Char Dham (Famous Four Pilgrimage sites): The four holy sites Puri (in the east), Rameswaram (in the south), Dwarka(in the west), and Badrinath (in the north) constitute the Char Dham Yatra. Alternatively the Himalayan towns of Badrinath, Kedarnath, Gangotri, and Yamunotri compose the Chota Char Dham (four small abodes) pilgrimage circuit.

Kumbh Mela: The Kumbh Mela (the "festival of the sacred pitcher") is one of the holiest of Hindu pilgrimages that is held every three years; the location is rotated among Prayagraj, Haridwar, Nashik, and Ujjain.
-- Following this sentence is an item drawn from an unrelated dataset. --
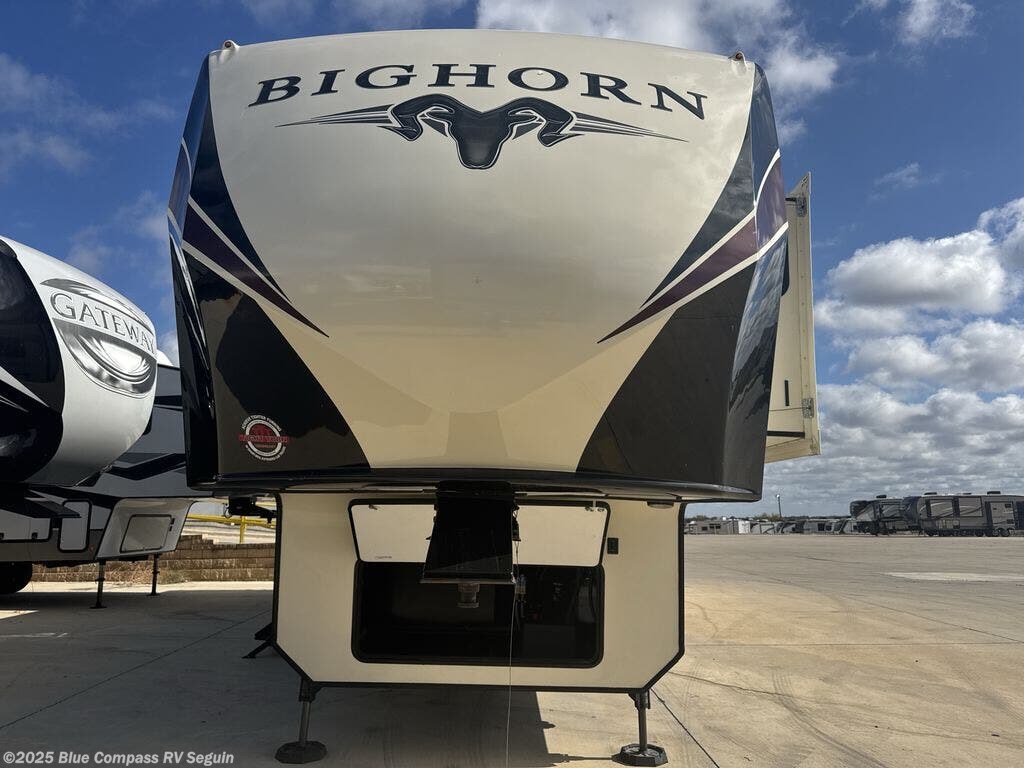 Used 2019 Heartland Bighorn 3160 Elite available in Seguin, Texas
Old Holy cities as per Puranic Texts: Varanasi formerly known as Kashi, Prayagraj also known as Prayag, Haridwar-Rishikesh, Mathura-Vrindavan, Kurukshetra, the Land of Bhagavad Gita in Haryana and Ayodhya.

Old Temple cities: Puri, which hosts a major Vaishnava Jagannath temple and Rath Yatra celebration; Katra, home to the Vaishno Devi temple; Tirumala – Tirupati, home to the Tirumala Venkateswara Temple; Shirdi, home to the Sai Baba of Shirdi temple; Madurai Meenakshi and Sri Ranganathaswamy Temple in Sri Rangam; Dwarkadhish Temple – Dwarka, home to Dwarkadhish form of Sri Krishna; Radharani Temple – Barsana, dedicated to Sri Radha, Sabarimala, where Swami Ayyappan is worshipped; Sri Padmanabhaswamy Temple at Thiruvananthapuram, Kerala; Guruvayur temple at Guruvayur. The oldest of these temple pilgrimages is the Pandharpur Wari which is said to be in tradition from the past 800 years.
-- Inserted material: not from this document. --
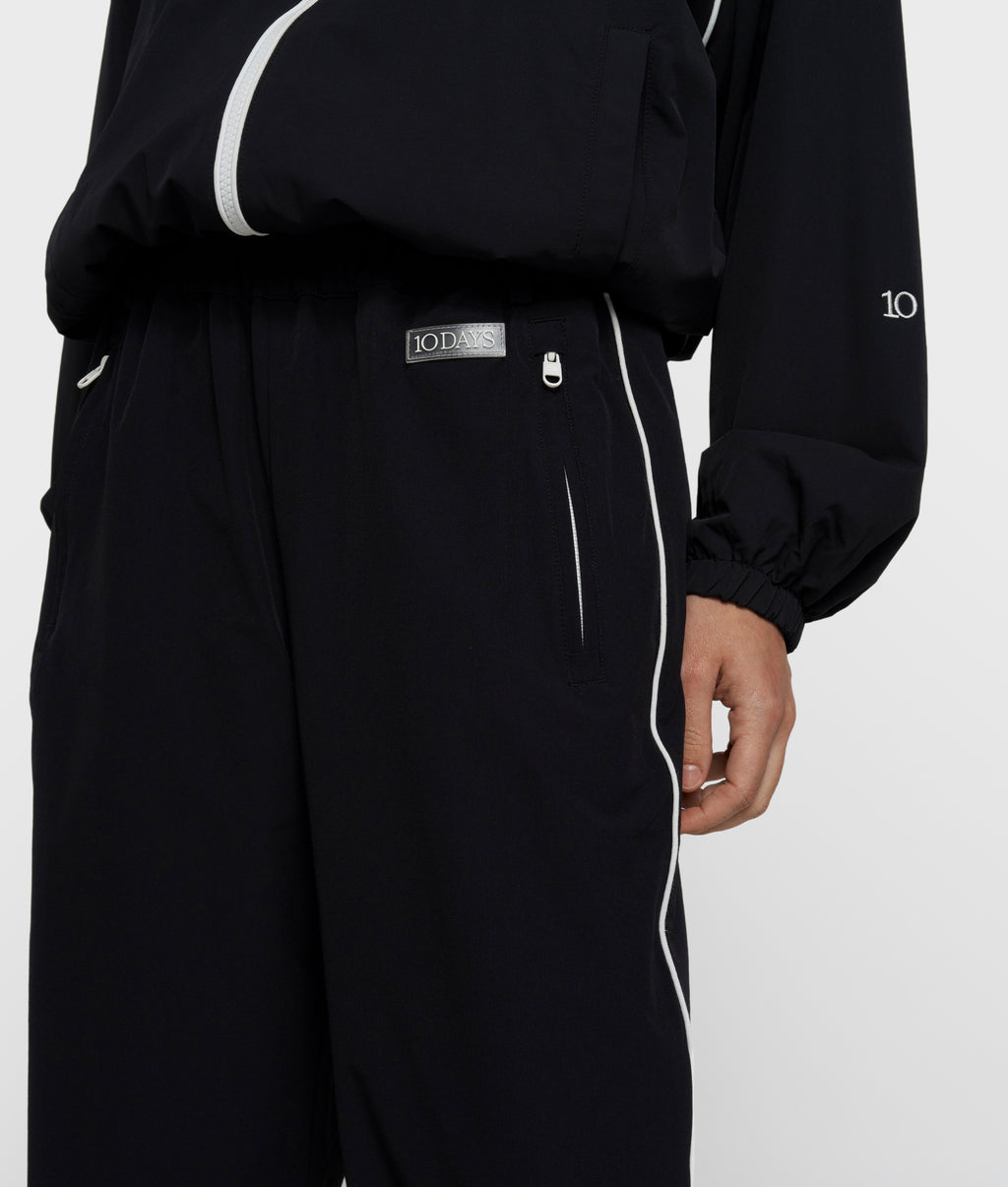 hooded travel jacket | black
New Pilgrimage Centres: Three comparatively recent temples of fame and huge pilgrimage are Belur Math, the hub of the worldwide Ramakrishna Movement in West Bengal, Dakshineswar Kali Temple, Kolkata West Bengal; Tarapith West Bengal, Vivekananda Rock Memorial at Kanyakumari; Sri Ramana Ashram at Tiruvannamalai; and ISKCON temples in Ujjain, Bangalore, Patna, Tirumala, Vishakapatnam, Delhi, Chennai, and Mumbai. Ramakrishna Mission Swami Vivekananda's Ancestral House and Cultural Centre, the birthplace of Swami Vivekananda is also another popular destination. Nandikeshwari Temple West Bengal,Kankalitala, Kiriteswari Temple, Nabadwip, Mayapur,

Shakta pitha: An important set of pilgrimages are the Shakta pithas, where the Mother Goddess is worshipped, the three principal ones being Kalighat, Tarapith and Kamakhya.

Jyotirlingas: Other set of important pilgrimages are the Jyotirlingas, where lord Shiva is worshipped in the form of Shiva Lingas. There are twelve Jyotirlingas in India. The twelve Jyotirlingas are:
- Bhimashankar Temple, near Pune
- Somnath at Veraval in Gujarat
- Mallikarjuna Jyotirlinga at Srisailam in Andhra Pradesh
- Mahakaleshwar Jyotirlinga at Ujjain in Madhya Pradesh
- Omkareshwar in Madhya Pradesh
- Kedarnath in Uttarakhand
- Vishwanath Temple at Varanasi in Uttar Pradesh
- Trimbakeshwar Shiva Temple at Nashik in Maharashtra
- Baidyanath Jyotirlinga at Deoghar in Jharkhand
- Aundha Nagnath in Hingoli, Maharashtra or Nageshvara Jyotirlinga at Dwarka
- Rameshwar at Rameshwaram in Tamil Nadu
- Grishneshwar at Verul near Ellora Aurangabad

==Sri Lanka==
- Pancha Ishwarams – the five ancient Shiva temples of the island from classical antiquity.
- The Arunagirinathar-traversed ancient Murugan pilgrimage route of Sri Lanka including
  - Maviddapuram Kandaswamy Temple, Maviddapuram, Kankesanthurai
  - Nallur Kandaswamy temple, Jaffna,
  - Koneswaram temple, Trincomalee,
  - Verugal Murugan Kovil, Verugal Aru, Verugal, Trincomalee District
  - Thirukkovil Sithira Velayutha Swami Kovil, in Thirukkovil, Batticaloa,
  - Arugam Bay, Amparai
  - Panamai, Amparai
  - Ukanthamalai Murugan Kovil, in Okanda, Kumana National Park
  - Kataragama temple, Katirkamam in the South.

==Mauritius==
These Hindu pilgrimage sites are only located on the main island country and not on the other outer islands of the Republic of Mauritius.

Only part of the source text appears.